FCC SAR Test Reports for the iphone 11 Here:
[https://apps.fcc.gov/oetcf/eas/reports/ViewExhibitReport.cfm...](https://apps.fcc.gov/oetcf/eas/reports/ViewExhibitReport.cfm?mode=Exhibits&RequestTimeout=500&calledFromFrame=N&application_id=y6w73gEq9kcDXxmyOHV16g%3D%3D&fcc_id=BCG-E3305A)

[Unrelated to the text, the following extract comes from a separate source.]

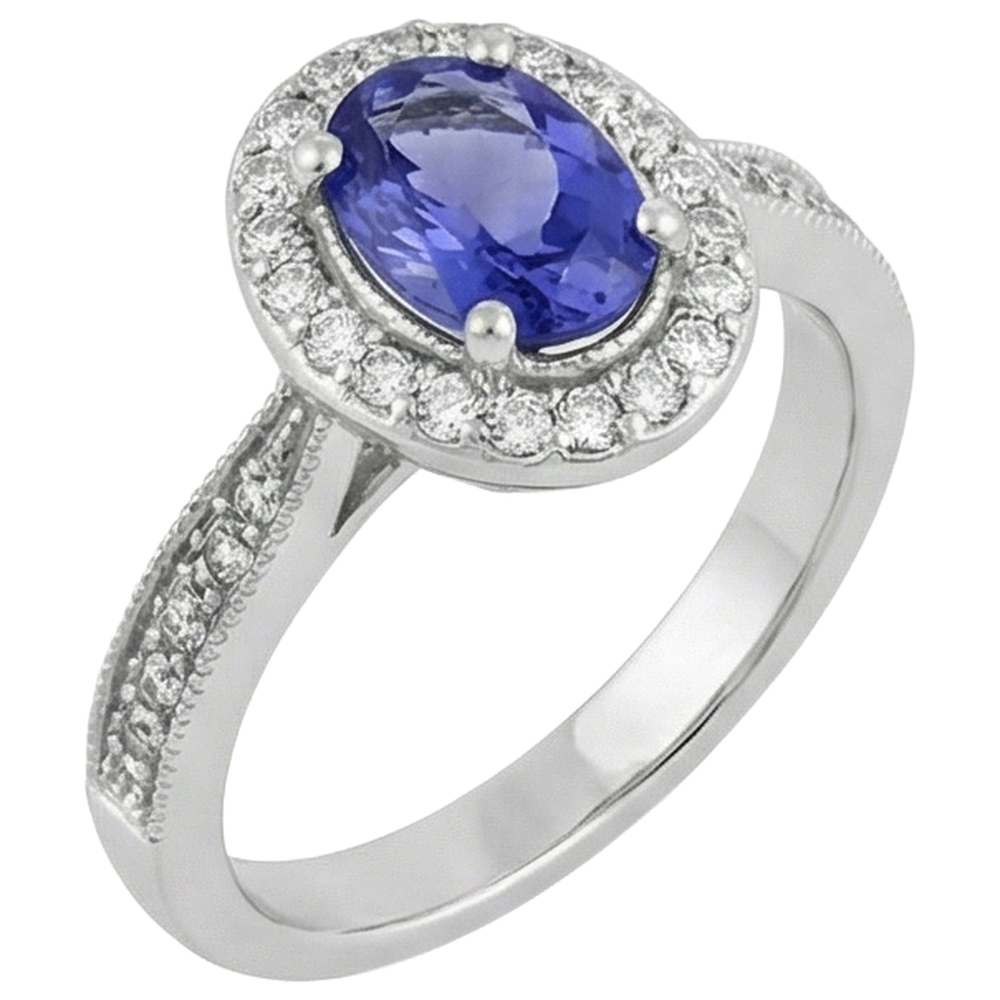 vero oval tanzanite 10.25carati anello vista dall'alto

This is more complex than just signal measurement- normally you have to know
how to kick the device over into a test mode to test full power output since
the devices will, by design, self throttle their power. I am really curious
how "rfexposurelabs" setup the test. Also I find it interesting that they are
going to make this claim and not publish the lab report so everyone can review
their methodology.

------
anonsivalley652
This seems like some FUD to sell magical pseudoscience phone cases "to reduce
RF exposure." And where is Thunderf00t when you need him? ;)

------
1970-01-01
Unofficial test:

[https://youtu.be/v6DyiLeUKoU?t=9m45s](https://youtu.be/v6DyiLeUKoU?t=9m45s)